Earth Today | Virgin Islands fisherfolk to benefit from sargassum intervention
FISHERFOLK IN the Virgin Islands will soon benefit from two pilot projects aimed at managing sargassum seaweed influxes and reducing ghost fishing.
The pilot projects will run from September to December 2023 and are being funded under the Darwin Plus project, ‘Capacity building in fisheries evidence, networks and management in the Virgin Islands’.
The first pilot project will support the local construction of a low-cost, reusable boom, which can serve to deflect sargassum from Setting Point on the southern coast of the island of Anegada.
The mangrove-lined southern coastline of Anegada is an area of importance to the local fishing community since it serves as a nursery area for fish.
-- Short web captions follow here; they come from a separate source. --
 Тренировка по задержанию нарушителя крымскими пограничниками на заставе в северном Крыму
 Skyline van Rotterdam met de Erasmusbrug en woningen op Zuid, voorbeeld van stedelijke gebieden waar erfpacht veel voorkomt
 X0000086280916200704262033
It also serves as an anchorage for fishing and non-fishing vessels.
During heavy sargassum inundations, the quality of the water on the south coast of Anegada is significantly affected, resulting in fish kills and migration of turtles from the area.
These impacts are thought to be caused by changes in salinity and decreased oxygen concentrations in the water brought on by the seasonal build-up of the macroalgae.
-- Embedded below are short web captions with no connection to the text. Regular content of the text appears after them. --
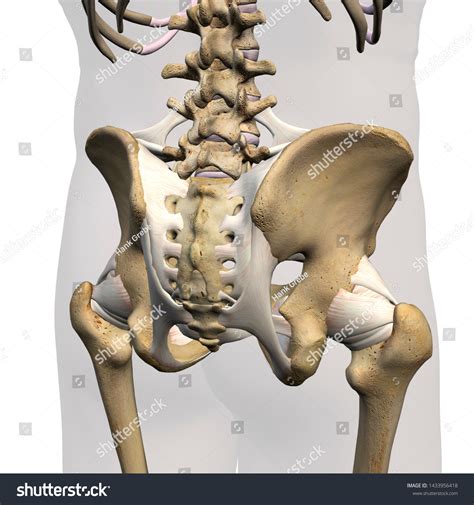 Pelvic Hip Ligaments Posterior View 3d Stock Illustration 1433956418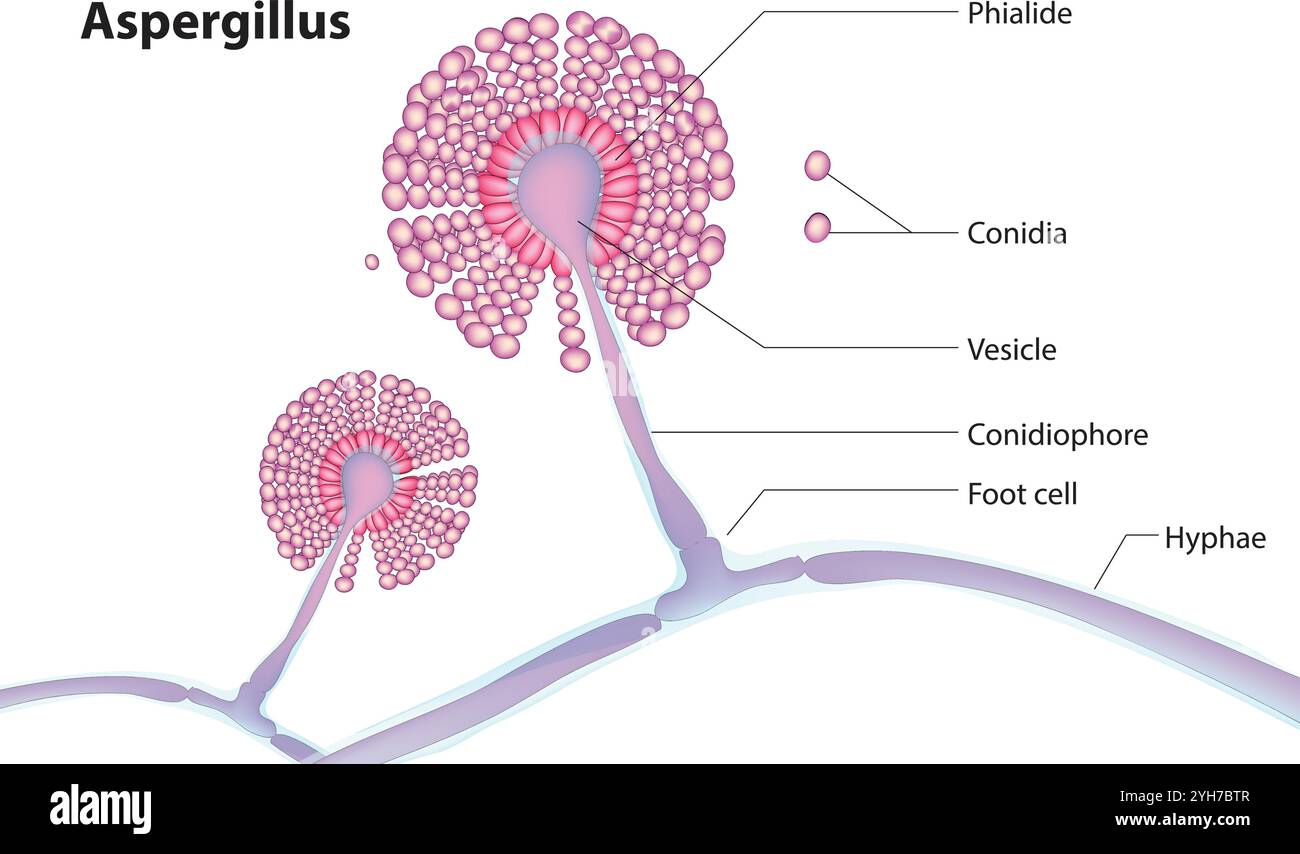 Aspergillus Illustrazione Vettoriale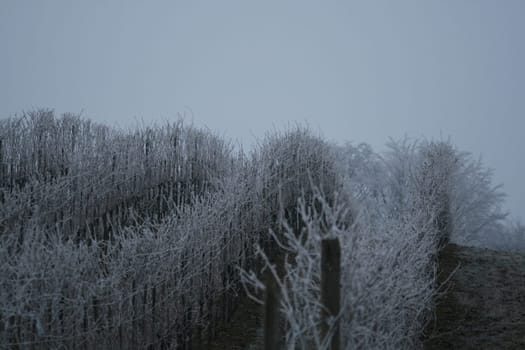 Fog in the wine country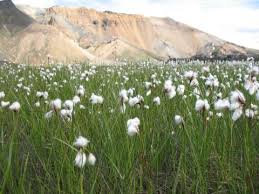 Attēlu rezultāti vaicājumam “Eriophorum angustifolium”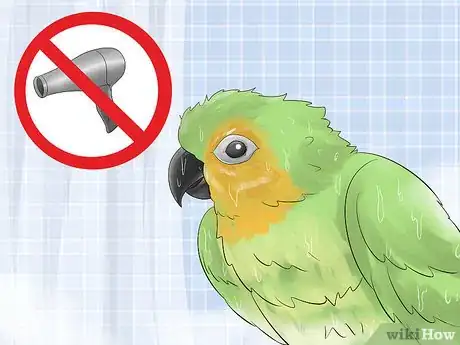 Image titled Keep a Conure Groomed Step 4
Under the pilot project, local fisherfolk will work with other project stakeholders to construct, install and monitor the effectiveness of the re-usable boom with the aim of reducing impacts on biodiversity, livelihoods and health caused by sargassum influxes at Setting Point.
The second pilot project will test an electronic trap recovery system to reduce gear loss and ghost fishing in the Virgin Islands’ pot and trap fisheries. In the Virgin Islands, pots and traps set to catch both reef fish and lobster are the predominant fisheries.
In these fisheries, fishers are always at risk of losing their fishing gear, including due to changes in tides or currents, marker buoy lines being severed by the propellers of marine traffic, fishing gear getting dragged into deeper water by storms or tangled with other types of fishing gear.
When lost, pots and traps become Abandoned, Lost, or otherwise Discarded Fishing Gear (ALDFG) and have the potential to cause ‘ghost fishing’, i.e., the gear continues to fish while not in the control of the owner.
In a recent survey conducted by the Centre for Environment, Fisheries and Aquaculture Science with a sample group of Virgin Island fishers, fisherfolk reported that traps were among the ALDFG they most frequently encountered.
Under the pilot project, 20 fishers from the pot and trap fisheries in the Virgin Islands will be engaged to trial the use of an electronic fishing trap recovery system to improve the location and retrieval of pots and traps that have lost their primary marker buoy.
The trap recovery system, which is designed by RESQUNIT, consists of an integrated buoy that deploys and floats to the surface when an electronic time lock releases it. The release of the buoy also creates an opening, allowing any trapped fish or lobster to escape.
Both pilot projects will report and share results, lessons learned and recommendations on the potential for replication and upscaling.
The pilot projects are part of efforts by the Caribbean Natural Resources Institute and the Department Agriculture and Fisheries within the Ministry of Environment, Natural Resources and Climate Change of the Government of the Virgin Islands to demonstrate best practices and innovations in sustainable fisheries and marine management under the ongoing Darwin Plus-funded project ‘Capacity building in fisheries evidence, networks and management in the Virgin Islands’.